| Work request |
The lines below that include "afbeelding" are to be found and copied.

| Information given |
┌──

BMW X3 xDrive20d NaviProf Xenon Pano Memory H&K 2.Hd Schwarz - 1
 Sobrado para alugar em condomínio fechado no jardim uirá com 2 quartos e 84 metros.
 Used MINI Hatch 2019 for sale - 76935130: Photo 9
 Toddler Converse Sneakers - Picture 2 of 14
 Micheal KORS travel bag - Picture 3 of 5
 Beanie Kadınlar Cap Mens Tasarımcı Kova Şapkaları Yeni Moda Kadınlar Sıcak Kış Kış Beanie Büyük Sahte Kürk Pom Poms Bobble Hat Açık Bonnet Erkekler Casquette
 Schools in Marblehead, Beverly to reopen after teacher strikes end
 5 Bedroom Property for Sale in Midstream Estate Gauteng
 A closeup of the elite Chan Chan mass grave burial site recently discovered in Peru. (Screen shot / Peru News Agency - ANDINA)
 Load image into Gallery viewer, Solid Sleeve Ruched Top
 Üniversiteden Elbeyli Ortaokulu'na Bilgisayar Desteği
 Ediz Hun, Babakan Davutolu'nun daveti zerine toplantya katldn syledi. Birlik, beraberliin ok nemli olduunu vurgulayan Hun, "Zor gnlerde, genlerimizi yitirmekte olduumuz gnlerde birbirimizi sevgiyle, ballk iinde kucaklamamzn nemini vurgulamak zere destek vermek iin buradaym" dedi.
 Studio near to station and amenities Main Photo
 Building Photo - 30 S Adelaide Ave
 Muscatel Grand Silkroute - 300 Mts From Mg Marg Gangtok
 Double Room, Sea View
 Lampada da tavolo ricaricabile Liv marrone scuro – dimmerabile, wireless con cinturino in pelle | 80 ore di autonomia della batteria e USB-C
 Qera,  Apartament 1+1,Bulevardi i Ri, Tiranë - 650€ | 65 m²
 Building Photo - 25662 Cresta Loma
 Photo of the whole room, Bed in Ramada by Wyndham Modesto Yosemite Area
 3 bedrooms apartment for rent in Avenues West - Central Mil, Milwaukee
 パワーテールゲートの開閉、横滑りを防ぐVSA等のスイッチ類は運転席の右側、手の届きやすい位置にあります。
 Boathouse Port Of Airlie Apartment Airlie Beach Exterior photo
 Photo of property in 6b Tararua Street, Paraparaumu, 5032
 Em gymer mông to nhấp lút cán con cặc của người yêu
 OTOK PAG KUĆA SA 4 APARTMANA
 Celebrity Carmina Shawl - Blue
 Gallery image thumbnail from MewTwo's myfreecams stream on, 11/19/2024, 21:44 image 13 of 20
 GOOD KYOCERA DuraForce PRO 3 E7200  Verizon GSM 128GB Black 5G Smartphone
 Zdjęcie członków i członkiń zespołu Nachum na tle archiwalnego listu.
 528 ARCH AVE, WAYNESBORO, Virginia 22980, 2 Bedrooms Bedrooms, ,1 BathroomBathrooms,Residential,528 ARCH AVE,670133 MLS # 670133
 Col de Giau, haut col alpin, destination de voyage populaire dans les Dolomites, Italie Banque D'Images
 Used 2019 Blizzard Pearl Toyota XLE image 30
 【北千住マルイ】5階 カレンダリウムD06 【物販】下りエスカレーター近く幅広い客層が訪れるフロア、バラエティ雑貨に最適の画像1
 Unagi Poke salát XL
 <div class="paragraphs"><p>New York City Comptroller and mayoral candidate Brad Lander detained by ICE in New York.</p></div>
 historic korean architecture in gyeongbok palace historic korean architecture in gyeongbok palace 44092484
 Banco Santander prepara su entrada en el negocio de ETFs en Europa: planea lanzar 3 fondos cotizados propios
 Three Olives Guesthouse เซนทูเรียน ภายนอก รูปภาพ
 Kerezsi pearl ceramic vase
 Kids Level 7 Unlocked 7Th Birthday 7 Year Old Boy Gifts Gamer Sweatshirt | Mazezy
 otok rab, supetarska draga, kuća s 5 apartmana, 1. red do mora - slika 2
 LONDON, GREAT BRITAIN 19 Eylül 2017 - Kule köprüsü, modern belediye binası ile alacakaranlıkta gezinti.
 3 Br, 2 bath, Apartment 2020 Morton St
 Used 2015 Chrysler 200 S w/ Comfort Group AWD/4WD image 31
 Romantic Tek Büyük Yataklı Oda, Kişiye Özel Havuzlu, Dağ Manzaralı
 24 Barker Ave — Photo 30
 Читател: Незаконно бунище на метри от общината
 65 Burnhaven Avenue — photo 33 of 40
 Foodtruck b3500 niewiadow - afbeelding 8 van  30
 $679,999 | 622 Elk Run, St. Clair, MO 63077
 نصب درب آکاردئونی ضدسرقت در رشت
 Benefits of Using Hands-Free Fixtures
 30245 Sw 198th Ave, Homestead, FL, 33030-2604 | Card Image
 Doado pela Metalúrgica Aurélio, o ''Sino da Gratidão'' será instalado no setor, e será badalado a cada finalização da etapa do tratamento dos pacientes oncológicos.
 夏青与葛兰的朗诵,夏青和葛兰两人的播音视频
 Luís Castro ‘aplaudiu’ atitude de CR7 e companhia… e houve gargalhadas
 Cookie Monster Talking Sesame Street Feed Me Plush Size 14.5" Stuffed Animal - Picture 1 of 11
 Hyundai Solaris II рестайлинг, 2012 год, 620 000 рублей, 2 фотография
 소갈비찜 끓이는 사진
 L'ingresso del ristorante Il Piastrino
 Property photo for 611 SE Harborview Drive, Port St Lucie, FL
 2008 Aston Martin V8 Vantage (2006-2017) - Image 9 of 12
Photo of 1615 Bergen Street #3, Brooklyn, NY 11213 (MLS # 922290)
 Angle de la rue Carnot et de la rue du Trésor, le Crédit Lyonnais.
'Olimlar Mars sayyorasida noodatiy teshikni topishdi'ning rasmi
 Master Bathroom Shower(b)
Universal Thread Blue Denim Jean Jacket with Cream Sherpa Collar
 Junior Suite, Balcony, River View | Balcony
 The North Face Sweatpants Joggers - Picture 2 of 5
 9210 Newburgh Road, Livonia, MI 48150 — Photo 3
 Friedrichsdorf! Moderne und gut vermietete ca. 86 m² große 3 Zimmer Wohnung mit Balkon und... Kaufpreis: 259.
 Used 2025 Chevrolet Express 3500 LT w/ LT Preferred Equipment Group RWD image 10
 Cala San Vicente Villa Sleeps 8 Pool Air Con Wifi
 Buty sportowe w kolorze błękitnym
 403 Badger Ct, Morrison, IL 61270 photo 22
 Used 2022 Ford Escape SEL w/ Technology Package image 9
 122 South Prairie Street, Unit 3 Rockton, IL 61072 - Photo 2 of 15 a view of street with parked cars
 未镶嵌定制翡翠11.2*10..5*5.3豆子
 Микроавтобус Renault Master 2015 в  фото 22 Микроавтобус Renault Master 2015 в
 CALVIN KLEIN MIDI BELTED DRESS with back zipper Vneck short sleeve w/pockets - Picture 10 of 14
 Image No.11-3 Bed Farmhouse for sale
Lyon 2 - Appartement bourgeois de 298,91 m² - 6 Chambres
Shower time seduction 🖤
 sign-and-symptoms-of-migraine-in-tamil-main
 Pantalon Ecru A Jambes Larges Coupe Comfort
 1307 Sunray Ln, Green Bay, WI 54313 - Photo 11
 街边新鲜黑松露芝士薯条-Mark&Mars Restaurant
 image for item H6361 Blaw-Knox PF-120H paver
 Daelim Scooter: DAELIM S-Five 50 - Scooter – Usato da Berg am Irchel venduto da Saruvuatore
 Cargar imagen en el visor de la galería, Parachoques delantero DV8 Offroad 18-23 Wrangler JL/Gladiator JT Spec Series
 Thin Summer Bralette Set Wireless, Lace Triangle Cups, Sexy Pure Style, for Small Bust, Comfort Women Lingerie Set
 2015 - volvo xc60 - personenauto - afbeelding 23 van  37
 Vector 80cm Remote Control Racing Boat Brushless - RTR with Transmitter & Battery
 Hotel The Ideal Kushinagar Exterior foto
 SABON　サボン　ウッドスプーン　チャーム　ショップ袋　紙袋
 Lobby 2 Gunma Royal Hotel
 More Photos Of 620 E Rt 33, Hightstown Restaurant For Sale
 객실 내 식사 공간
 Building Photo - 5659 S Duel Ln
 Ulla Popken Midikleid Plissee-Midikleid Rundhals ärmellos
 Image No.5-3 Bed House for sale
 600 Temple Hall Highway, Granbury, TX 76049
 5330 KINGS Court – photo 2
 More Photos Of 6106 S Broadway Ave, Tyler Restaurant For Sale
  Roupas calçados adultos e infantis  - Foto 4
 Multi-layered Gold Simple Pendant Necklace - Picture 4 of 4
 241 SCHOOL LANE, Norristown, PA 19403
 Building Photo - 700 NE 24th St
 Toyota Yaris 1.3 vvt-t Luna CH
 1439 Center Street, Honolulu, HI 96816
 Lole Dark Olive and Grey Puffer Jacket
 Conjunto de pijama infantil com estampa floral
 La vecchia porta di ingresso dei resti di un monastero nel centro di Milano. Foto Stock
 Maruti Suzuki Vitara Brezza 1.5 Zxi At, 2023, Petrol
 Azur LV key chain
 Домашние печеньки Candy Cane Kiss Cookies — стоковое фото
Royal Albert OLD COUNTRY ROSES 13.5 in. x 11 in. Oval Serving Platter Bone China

└──

| Answer box |
 Foodtruck b3500 niewiadow - afbeelding 8 van  30
 2015 - volvo xc60 - personenauto - afbeelding 23 van  37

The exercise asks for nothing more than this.